Теперь разрешите выступить защитнику ”иррацио”, к которому, возможно, прислушался бы и сам Кант, если бы в его доме провели такой опыт. Предложили бы спрятать какую-либо вещь тогда, когда кроме хозяина никого в доме не было бы. Привели бы настоящего экстрасенса — не знаю, как этих господ тогда называли, и тот по описанию спрятанной вещи, без промедлений обнаружил её в укромном месте. А ведь подобное бывало, подтверждалось документально и ближе к нашим дням, да и в нашем быту случалось нечто похожее: быстро, не раздумывая находишь то, что ищешь, о себе скажу — нужную информацию в книге, или оптимальную дорогу в то место, о котором приблизительное представление. Заранее объявляю — с позиций адвоката ”иррацио”, что допуская вероятность таких вещей, я отвергаю и безоглядную веру в ”чудесное” — непостижимое, и — никакого ”сверхъестественного”. А не так ли возникает безотчётная тревога, когда бедствие, несчастье подкарауливает кого-либо из наших близких — даже когда они находятся неведомо где? Повторю: намерен обстоятельно рассматривать то, что непосредственно включается в монадологическое построение мироздания и всего в нём сущего.

Како веруешь?

В записной книжке Ильфа такой эпизод, похоже, не выдуманный. Проверкой идеологической благонадёжности служащих поручено заниматься, наверное, ”тройке” потомственных пролетариев, классовое сознание которых компенсирует минимум образования. Теперь цитирую буквально: ”Вы марксист? — Нет. — Кто же вы такой? — Я эклектик. Стали писать ”эклектик”. Остановили. ”Не отрезывайте человеку путей к отступлению”. Приступили снова. — А по-вашему эклектизм — это хорошо? — Да уж что хорошего. Записали: ”Эклектик, но к эклектизму относится отрицательно”.

Запись 1930 года. Но в словаре иностранных слов 60-х годов XX века, после того, как выясняется, что это слово от греческого ”выбор” — добавляется ”беспринципный”, и как разительный пример — совмещающий в своём мировоззрении материализм и идеализм. Не знаю, насколько обвинение в эклектизме действенно по отношению к произведениям литературы, искусства, где от единства индивидуального стиля зависит многое и определяется оригинальность созданного, но неколебимая верность железно сформулированной религиозной, философской, социальной доктрине, на мой взгляд, может свидетельствовать о некоторой ограниченности мышления.

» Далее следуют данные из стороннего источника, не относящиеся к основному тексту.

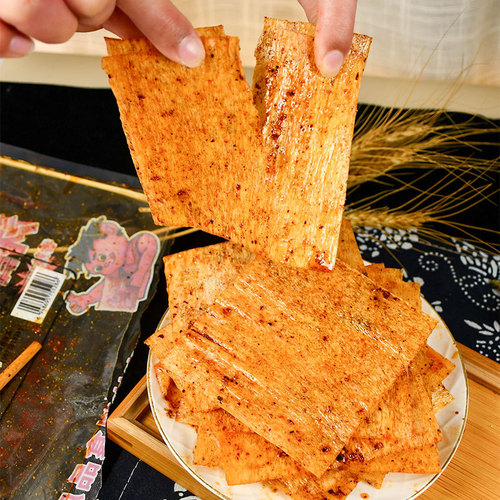 Xiangxidong Hot and Spicy Strips - Hunan Specialty, Childhood Hand-Torn Nostalgic Dry and Spicy Snacks, Xiangxidong Traditional Large Spicy Strips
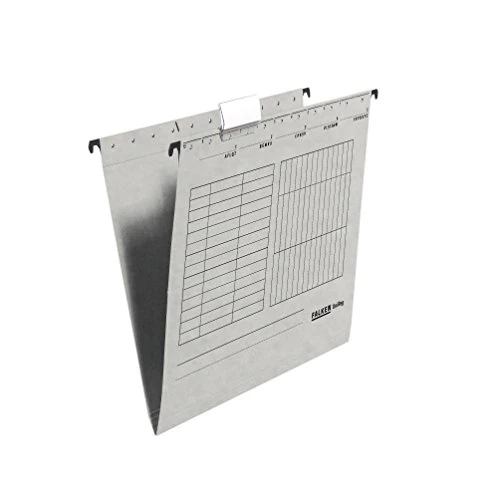 Limited-time offer: Exacompta - Ref 80004427001F - FALKEN - UniReg Suspension Hanging Files - Suitable for A4 Documents, 230gsm Recycled Kraft Card, Blue Angel Certified - Grey (Pack of 25) from 35.96 £ to 35.96 £ (save 0.00%)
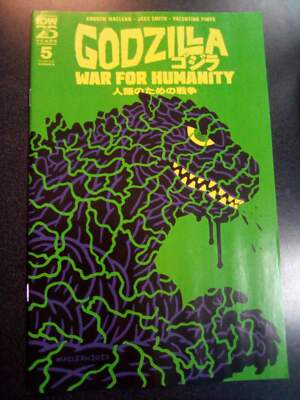 Godzilla War For Humanity #5 Cover A Maclean Comic Book First Print-image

Не говоря уже о том, что мировоззрение человека мыслящего на протяжении жизни не остаётся неизменным, застывшим, и порой трансформируется весьма круто.

Вера в Бога — с детства для меня, впрочем, как и для моих родителей — не более, чем утративший силу анахронизм. А мой дедушка, отец мамы пришёл к этому ещё в XIX веке. После Октября 1917 вслед за российским царём земным убрался в небытие призрачный царь небесный, вроде бы могущественный и вечный старец, который по большому счёту распоряжался всем на свете и строго следил за соблюдением своих законов. Поскольку эти законы были крепко связаны с традициями, этическими нормами, объединяющей ”своих” обрядностью, меньше всего хотелось бросить тень на сохранивших и сохраняющих верность — Иегове, Христу, Аллаху и богам разных народов планеты вплоть до африканских язычников.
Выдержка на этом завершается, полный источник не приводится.